Allah ﷻ menegaskan bahwa hanya sistem hukum-Nya yang baik yang wajib diambil dan diterapkan. Sebaliknya, sistem hukum jahiliah wajib ditolak dan ditinggalkan. Allah ﷻ berfirman:
Apakah hukum Jahiliah yang mereka kehendaki? Hukum siapakah yang lebih baik daripada hukum Allah bagi kaum yang yakin? (TQS al-Maidah [5]: 50)
Taat menjalankan perintah Allah ﷻ, dan meninggalkan hukum buatan manusia adalah bentuk loyalitas kita kepada Allah. Menjalankan kekuasaan dalam sistem pemerintahan yang dicontohkan Nabi Muhammad ﷺ, adalah bentuk loyalitas kita kepada Allah ﷻ dan sekaligus kecintaan kita kepada Rasulullaah ﷺ.
Loyalitas kita kepada Allah akan dipertanggungjawabkan di akhirat kelak. Siapapun dia, apapun jabatannya, hatta seorang ibu rumah tangga akan dimintai pertanggungjawaban. Seorang pemimpin akan mempertanggungjawabkan kepemimpinannya kelak di akhirat di hadapan Allah ﷻ.

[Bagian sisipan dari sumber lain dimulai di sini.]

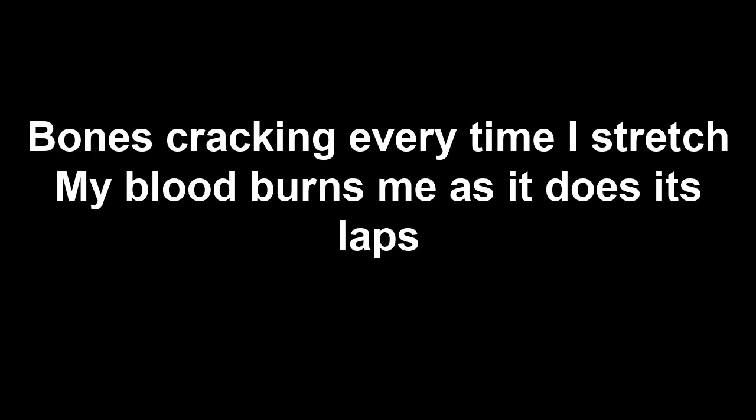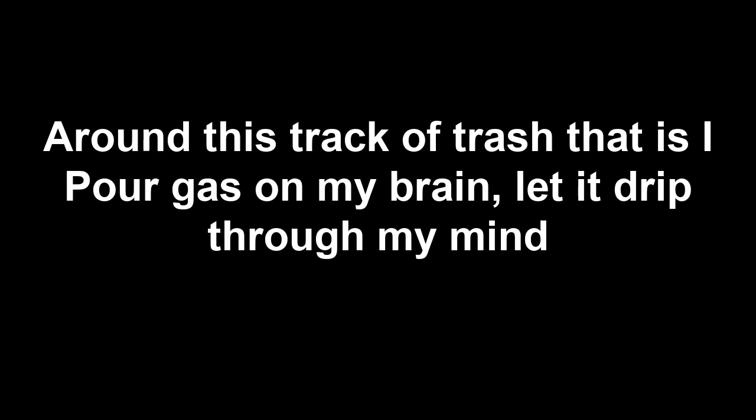You definitely don't take credit for it. Bones cracking every time I stretch, my blood burns me as it does its laps around this track, a trash that is hot. Put gas on my brain, let it drip down my mind.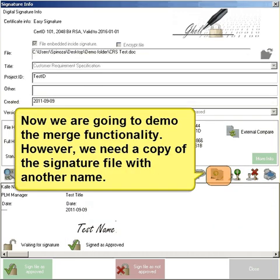Now we are going to add them with the merged functionality. However, we need a copy of the signature file with another name.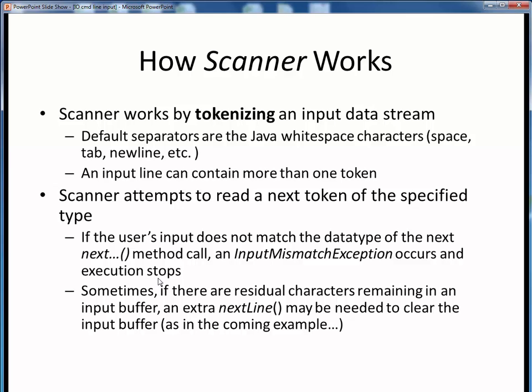We haven't yet talked about what an exception means, but in layman's terms, it means that something bad or unexpected has happened in our program and Java doesn't know what to do. Figuratively speaking, Java barfs or coughs up a lung and you, the user or programmer, will be greeted by some seemingly cryptic error message. You may have already encountered this in some of your previous programming efforts. We'll be talking about ways to avoid this kind of problem later.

فَاْلإِمَامُ رَاعٍ وَ مَسْؤُوْلٌ عَنْ رَعِيَّتِهِ
Seorang imam (kepala negara) adalah pengurus rakyat dan dia akan dimintai pertanggungjawaban atas yang rakyat yang dia urus. (HR Al-Bukhari dan Muslim).

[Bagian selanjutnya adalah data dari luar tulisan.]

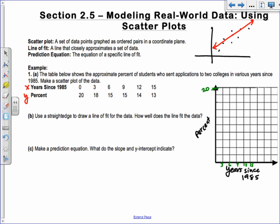Now I'll plot these points. The first point is (0, 20), so right there. Then (3, 18). Then (6, 15) — that's between the 14 and 16 grid lines. Then (9, 15), which is definitely off the trend. Then (12, 14), and finally (15, 13). That's our scatterplot.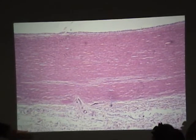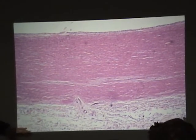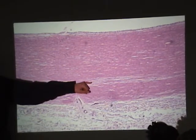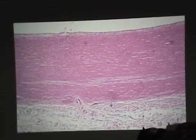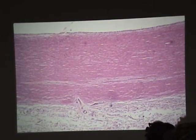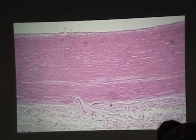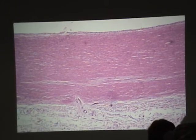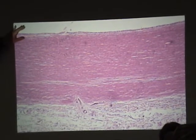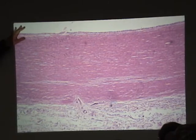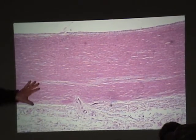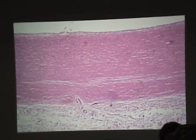Down here we have the adventitia. These structures here are connective tissue, but also the vasovasorum — blood vessels of blood vessels. On larger vessels, you can't use diffusion to get nutrients down here and waste products out, so you just have their own vascular tube.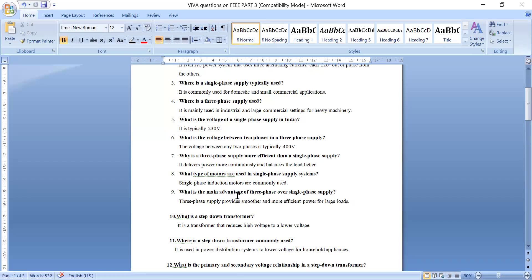What is the main advantage of three phase system over single phase supply? Three phase supply provides smoother and more efficient power for large loads.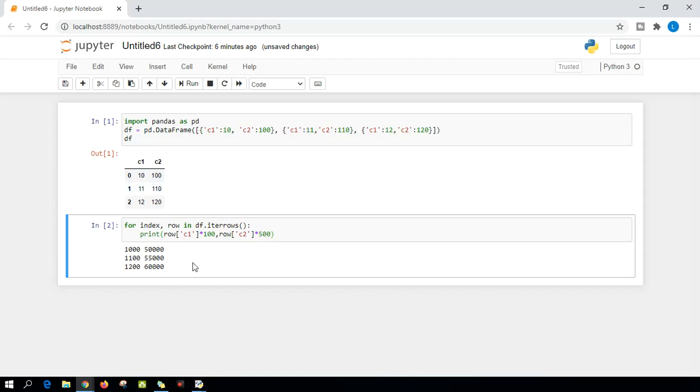So it's pretty simple, pretty easy, and this is one of the best methods, or the fastest way to iterate over the rows. I hope you like this video. Please like and subscribe. Thank you.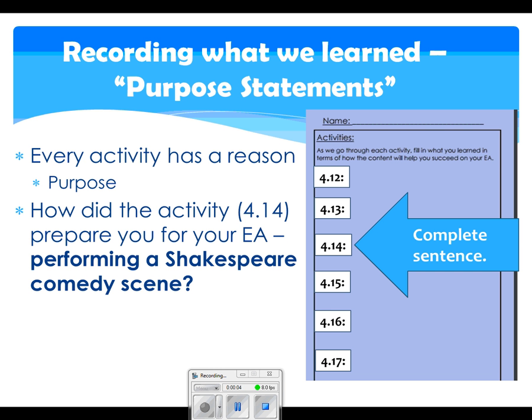Yesterday's activity 414, we did two things. One, we started to decode Shakespeare's language for what are simple items to look for, like punctuation cues and words that we know. And second, you got to practice speaking in Shakespeare's language by insulting one another with Shakespeare's fantastic lingo.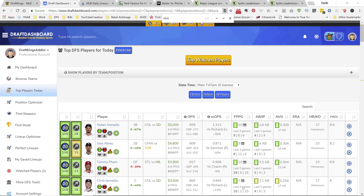What's going on YouTube? This is your neighborhood DraftKings Addict bringing you my top picks for this Wednesday's main DraftKings MLB slate guys.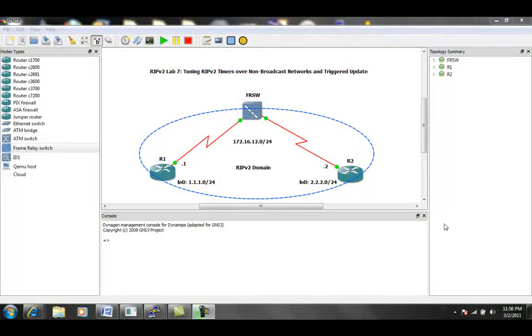Hello, my name is Steve Bowler, and in this video we're going to be taking a look at Routing Information Protocol, otherwise known as RIP.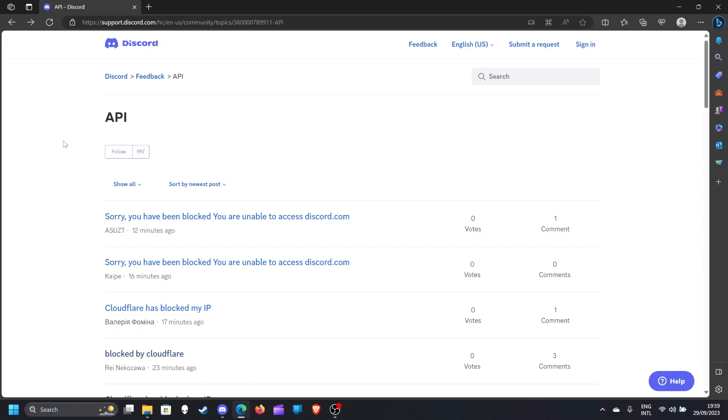Maybe we can wait until Discord fixes it. Thanks for your attention. If I get the problem solved, I will upload my next content about this. See you next time.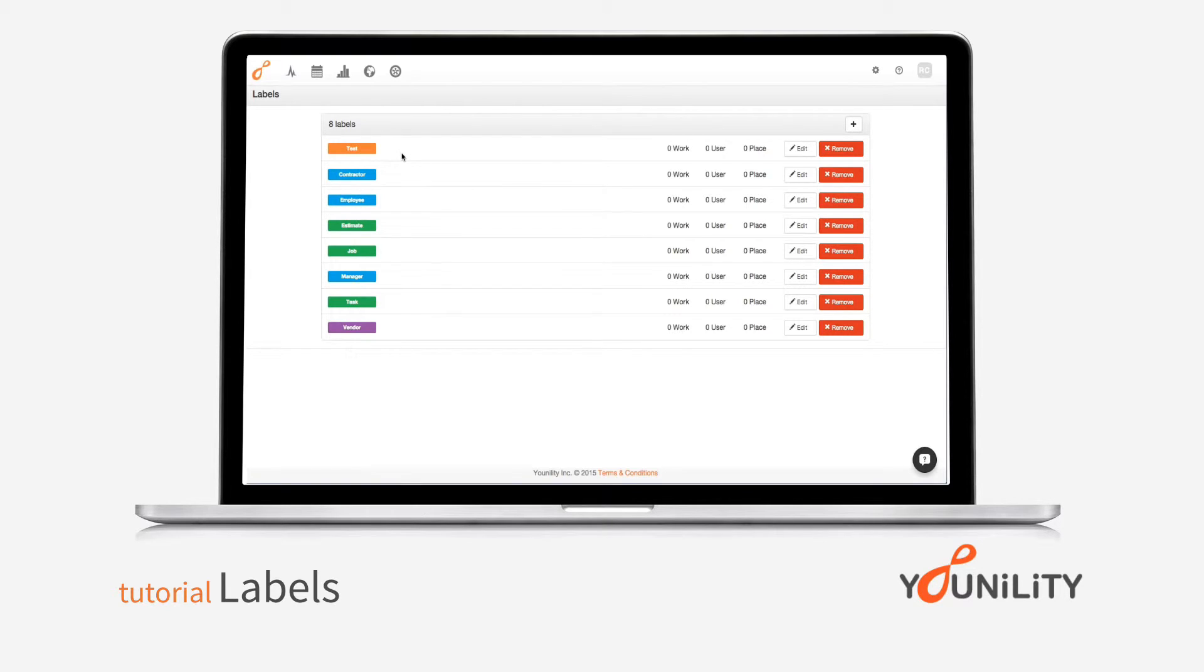Some important things to note are that place labels will always stay with the place, a user label will always stay with the user, and work labels are more of the action of the work, so it can change from time to time.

Karena itu dalam Islam, orang-orang yang diberi amanah dan tugas kepemimpinan haruslah mereka yang senantiasa menyadari akan beratnya pertanggungjawaban atas kepemimpinan mereka itu di hadapan Allah ﷻ di akhirat kelak. Kesadaran ini menjadi sangat penting. Sebabnya, jika mereka takut hanya kepada Allah, maka amanah kepemimpinan akan mereka jalankan sebaik mungkin dan tidak mungkin mereka selewengkan. Berbagai bentuk penyalahgunaan kekuasaan dan jabatan yang marak terjadi saat ini tidak lain karena para pemangkunya seolah tidak memiliki rasa takut kepada Allah ﷻ akan pertanggungjawaban mereka di hadapan-Nya kelak di akhirat. Padahal Rasulullah ﷺ telah menegaskan:
إِنَّكُمْ سَتَحْرِصُونَ عَلَى الْإِمَارَةِ، وَسَتَكُونُ نَدَامَةً يَوْمَ الْقِيَامَةِ
Sungguh kalian akan berambisi terhadap kekuasaan. Padahal kekuasaan itu bisa berubah menjadi penyesalan pada Hari Kiamat kelak (HR Al-Bukhari)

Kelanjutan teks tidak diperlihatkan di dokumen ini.